For Faris Tiang, a Project Coordinator at Me.reka, incorporating sustainability into designs or products such as sculptures starts from thinking of everyday items or waste, whether it is many of the same pieces in bulk or one random item, such as an old car or a guitar.
“We break things down into smaller parts and components that can be used and assembled into a new product,” Faris explains, adding that sometimes the pieces can also be something that the team happened to stumble upon.
“It’s really the notion of giving something a second life. I like to think that things can serve a better purpose instead of being thrown away, or recycled.”
Faris has worked alongside William in the waste-to-art sculptures installed at Puteri Harbour, Johor, as well as several other large projects Biji-biji Initiative is known for.
“I remember the past for Biji-biji when we had to handle large installations in malls and events, setting up waste management systems, conducting workshops, community projects, and even outrageous ones, like a time tunnel in a jurassic-themed park,” Faris recalls.
“What all those projects had in common was the Biji-biji spirit – which is still alive and kicking today.”
Systems that encourage positive waste management
To instill behavior and create change, Aizat Rafik, a Product Design and Engineering intern at Me.reka, got a chance to design a food-waste related project.
“We had to design a product that was multipurpose, modular, with a system capable of encouraging the user to throw away waste and recycle correctly, while receiving an incentive in return,” says Aizat. “Eventually, I came up with the Soptunna bin.”
For the project, Aizat considered many products, systems and interfaces. For instance, a shredder to shred organic food waste that can turn shredded organic food waste into fertilisers for local community gardens, and a system that issues incentives if users purchase fruits and vegetables grown in the community garden itself.
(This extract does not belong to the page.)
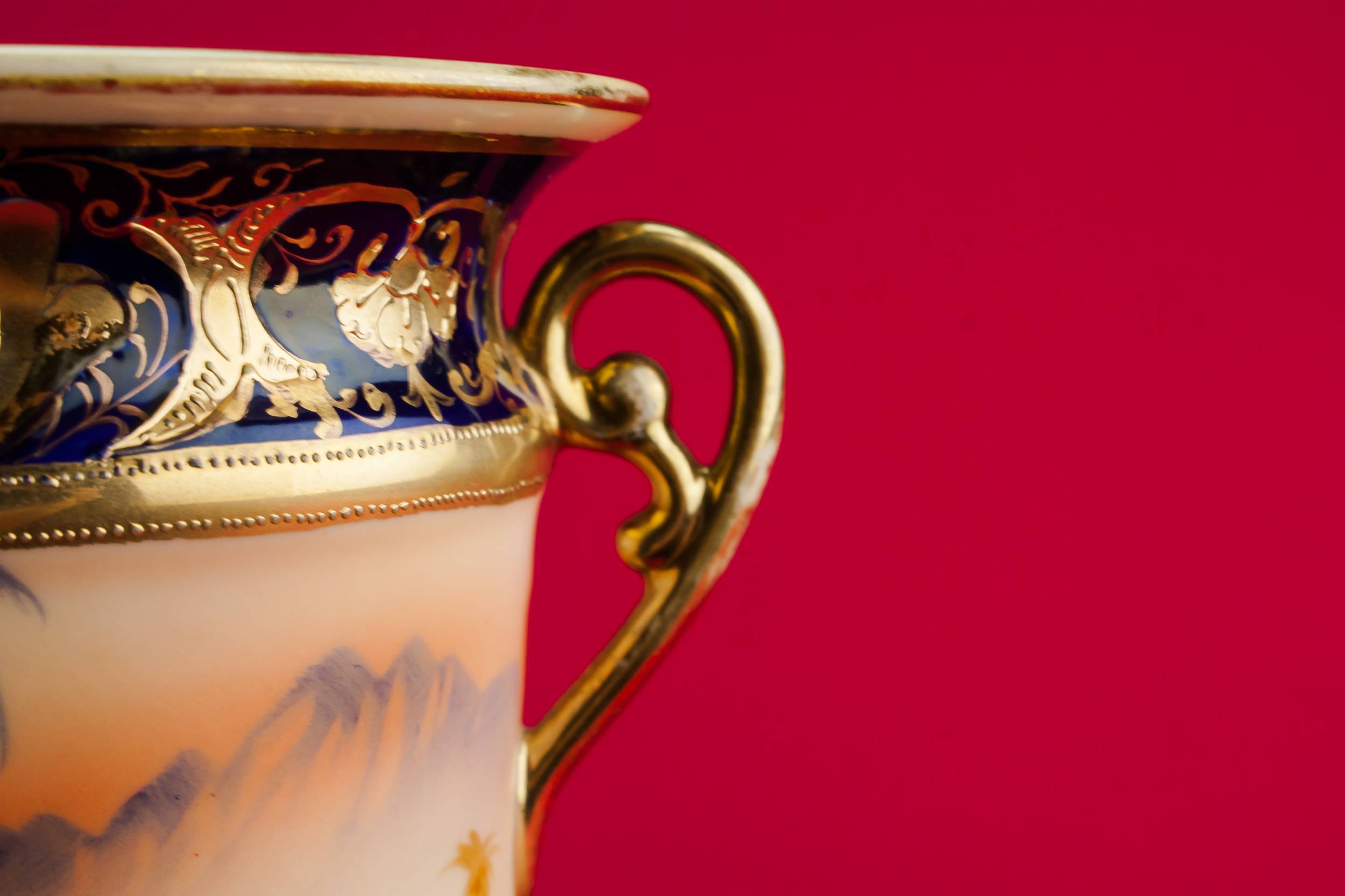 Vintage Elegant VASE — Medium porcelain vase 3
“From the research during this project, I found out that most people are not well-educated or informed in handling food waste correctly. That is why I created this system to make users better understand the process.” says Aizat.
The circular economy in everyday life
At times, the circular economy is targeted towards businesses, organisations and governmental policies in light of making significant strides toward sustainable changes, though individual involvement is just as important.
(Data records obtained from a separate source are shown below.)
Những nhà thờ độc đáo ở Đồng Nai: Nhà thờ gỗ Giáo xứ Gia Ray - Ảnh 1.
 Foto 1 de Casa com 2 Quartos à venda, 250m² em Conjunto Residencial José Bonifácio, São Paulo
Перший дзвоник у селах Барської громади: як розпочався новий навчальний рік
“I think getting people involved in the circular economy has to be done through education and raising awareness on how we’re destroying our ecosystem without us realising it,” says Aizat. “This may prompt them to implement it in their daily lives, even if it’s something simple.”
For Faris, the concept and importance of the circular economy has to be seeded at some point in an individual’s life, coupled with positive influence from their peers and the environment to incur habitual and mindset shifts.
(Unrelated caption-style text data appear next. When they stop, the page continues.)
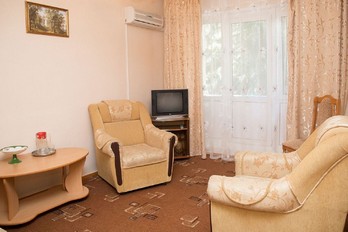 Гостиная в номере двухместный люкс в санатории Эльбрус в городе Железноводск
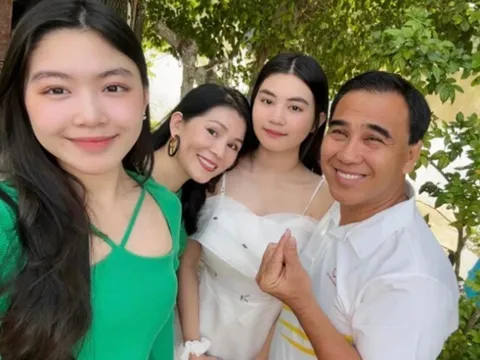 Quyền Linh chiều con gái, 56 tuổi "hóa thú" nhảy dễ thương cùng ái nữ, bà xã chẳng ngại mà còn vào khen nịnh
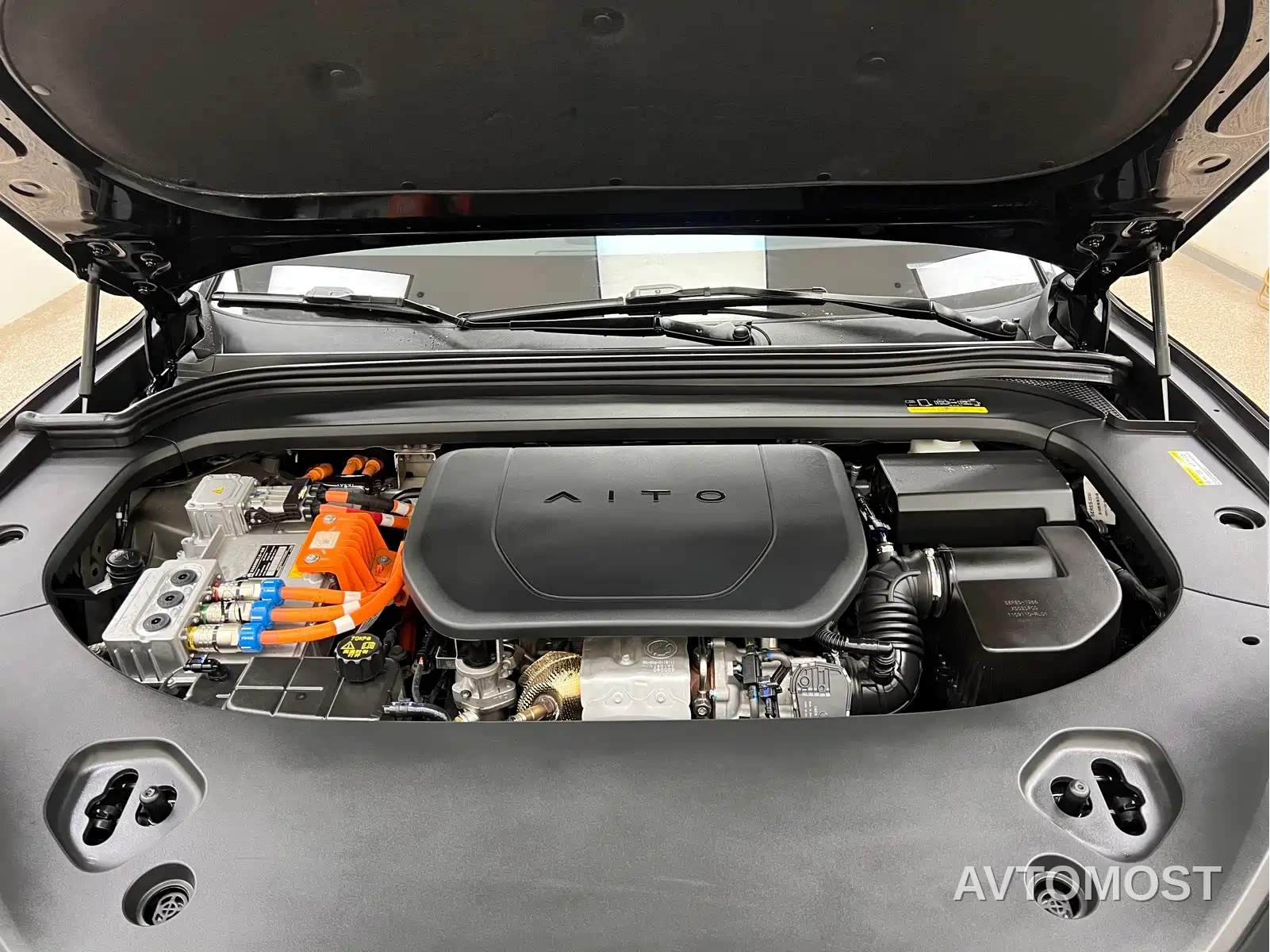 AITO M9 2024 Range Extender Max Edition 42kWh 6-seater — фото 30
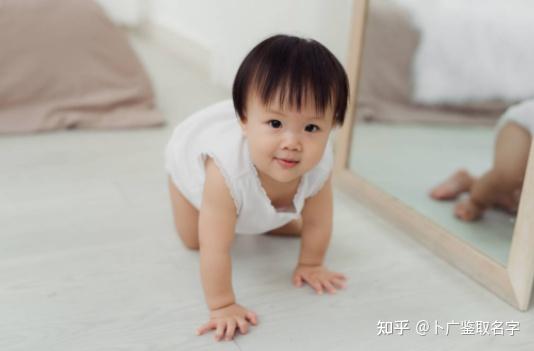 宝宝取名：军娃男宝宝小名怎么取名（军人宝宝小名）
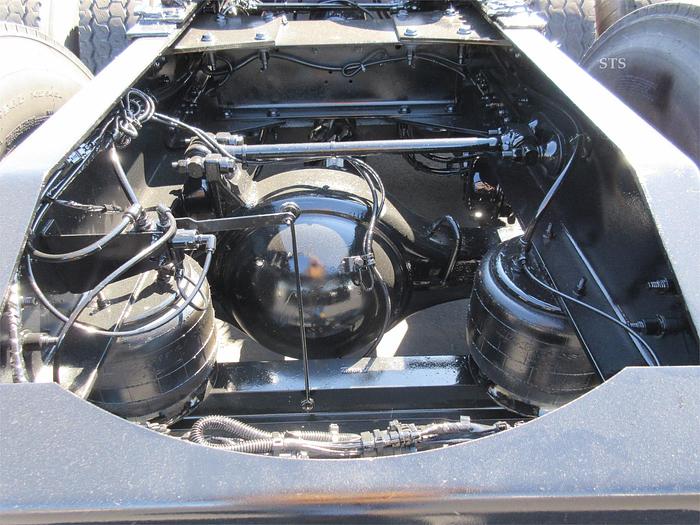 Used 2018 PETERBILT 389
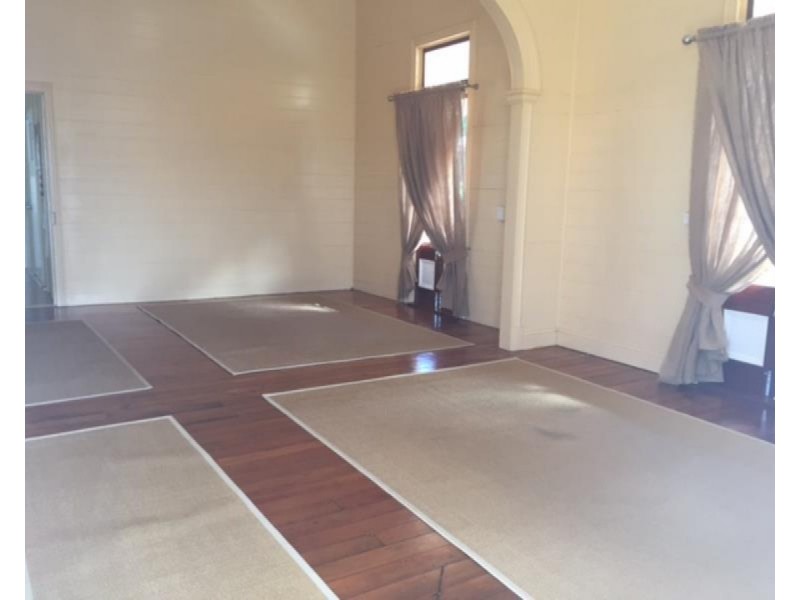 52 Davis Street, The Range QLD 4700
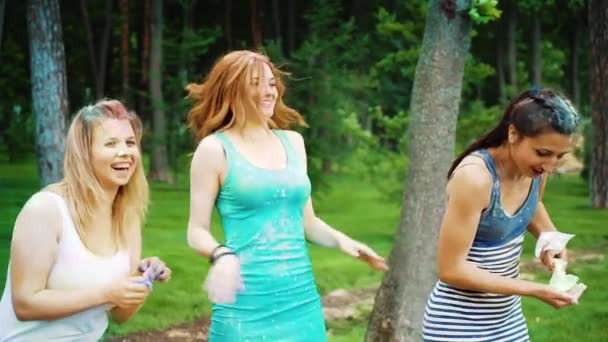Três amigas se divertem no festival de cores Holi no parque de verão — Vídeo de Stock
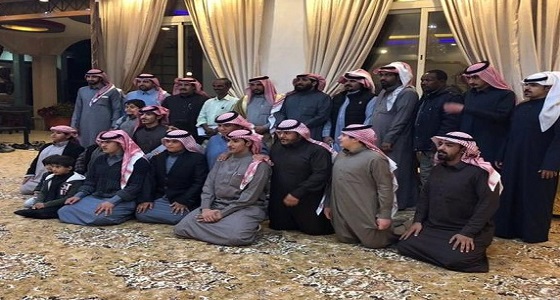 بالصور.. عائلة بحائل تودع عامل هندي لقراره الرحيل بعد 35 عام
“That seed has to be planted somehow, whether it’s through a rude awakening or through fascination and inspiration of someone, or something,” Faris explains.
“Over time, you will develop an eye for noticing the things happening around you, and learn to think in terms of the environment. I mean, we all have to realise at some point that this is the way to move forward for our own, and the environment’s sake.”
What remains true is the notion of the circular economy as a collective goal achieved through steps over time. Without a change in mindset, we risk falling back to square one with a take-make-dispose approach in aspects of our lives.
World Environment Day urges the public to reimagine, recreate and restore in a #GenerationRestoration campaign to revive and protect our ecosystems. The circular economy, with its core principles in conscious designs to consider waste, keeping resources in the loop and most importantly, the regeneration of natural systems will drive us toward a sustainable future where the Sustainable Development Goals (SDGs) thrive.